Sebab turunnya ayat 1-11 surah Al-Mu’minun ini
menurut riwayat yang dikutip oleh Al-Maraghy bahwa sebagian sahabat bertanya
kepada Aisyah, “Bagaimana akhlak Rasulullah?” Aisyah menjawab, “Akhlak beliau
adalah Al-Qur'an.” Kemudian Aisyah membaca ayat: Qad aflaha al-mu’minun sampai
wa al-ladzina hum ’ala shalawatihim yuhafizhun, lalu berkata, “Demikianlah
akhlak Rasulullah SAW.”[2]
Sedangkan Ibn Katsir selain riwayat di atas
juga mengutip hadits yang diriwayatkan oleh Imam Ahmad dari Umar Ibn Khattab.
Dia berkata, “Apabila turun kepada Rasulullah sesuatu wahyu terdengarlah di
sampingnya suara seperti denging lebah. Kami diam sejenak kemudian beliau
menghadap kiblat. Mengangkat kedua tangannya, lalu berdoa:
Ya Allah, berilah tambahan kepada kami dan janganlah engkau menguranginya. Muliakanlah kami dan jangan engkau hinakan. Berilah kami rezeki dan janganlah engkau tolak. Utamakanlah kami dan jangan engkau menyisihkan kami. Ridhailah kami dan jadikanlah kami ridha. Kemudian beliau bersabda, “Sesungguhnya Allah telah menurunkan kepadaku 10 ayat. Barangsiapa yang mengamalkannya, maka dia masuk surga.”
Kemudian beliau membaca ayat qad aflaha al-mu’minun.
Beliau membaca sampai selesai 10 ayat.
Jadi, menurut dua riwayat di atas tersebut
tidak ada sebab khusus diturunkannya ayat Al-Mu’minun ayat 1-11. Untuk
memperteguh iman dan juga memberi kabar bahagia bagi orang-orang yang
meyakininya merupakan ciri khas dari surat makkiyah ini.
[1]
Ahmad
Syadali dan Ahmad Rofi’i, Ulumul
Qur’an,
(Bandung: CV. Pustaka Setia, 2006), hlm. 89-90.
[2]
Ahmad
Musthafa Al-Maraghiy, Tafsir Al-Maraghiy, terj.

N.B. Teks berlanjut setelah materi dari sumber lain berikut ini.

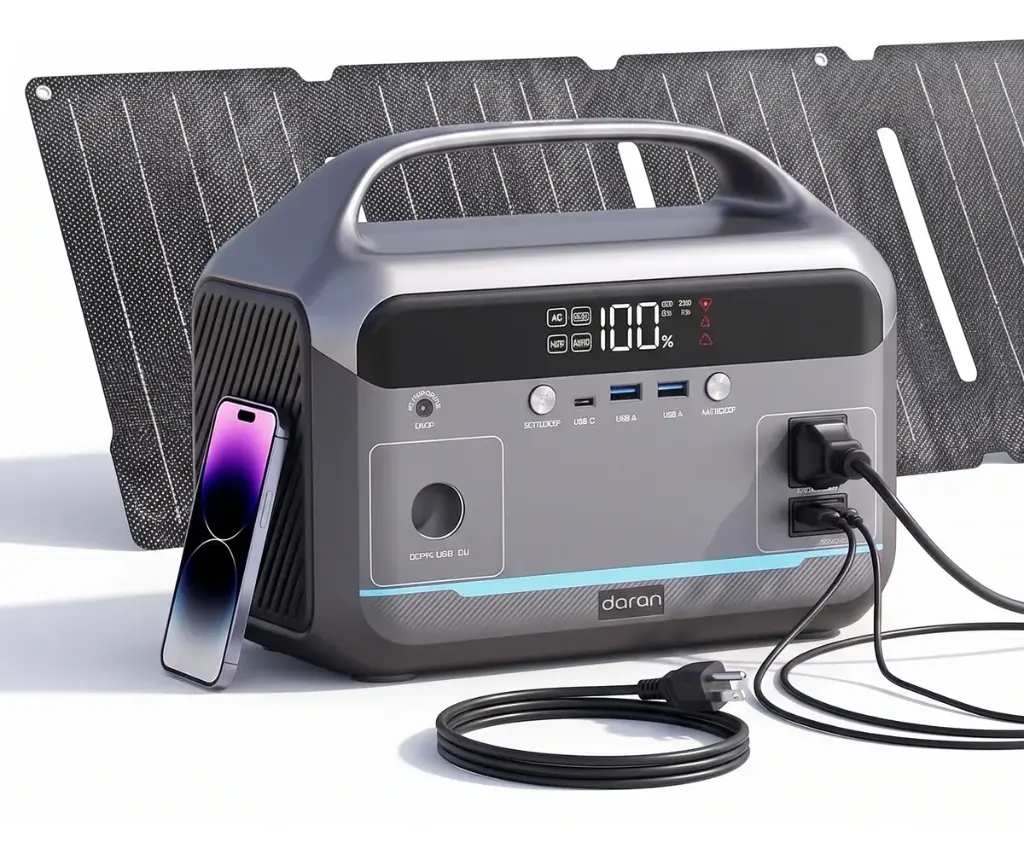 ESTACION DE CARGA 300 W 288 WH 19.20 V 15AH 120V 1 TOM C/TIERRA + 1 TOM + USB C + 2 USB + 12 V CON PANEL SOLAR DE 40 WATT REF. NEO300L COD. X004GZQXV MARCA DARAN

Hery Noer Ali,
(Semarang: Toha Putra, 1989), hlm. 1. Hal ini juga dapat dilihat dalam Muhammad
Nasib Ar-Rifa’i, Taisiru Al-Aliyyul Qadir Li Ikhtishari Tafsir Ibn Katsir,
terj. Syihabuddin, (Jakarta: Gema Insani Press, 1999), hlm. 407.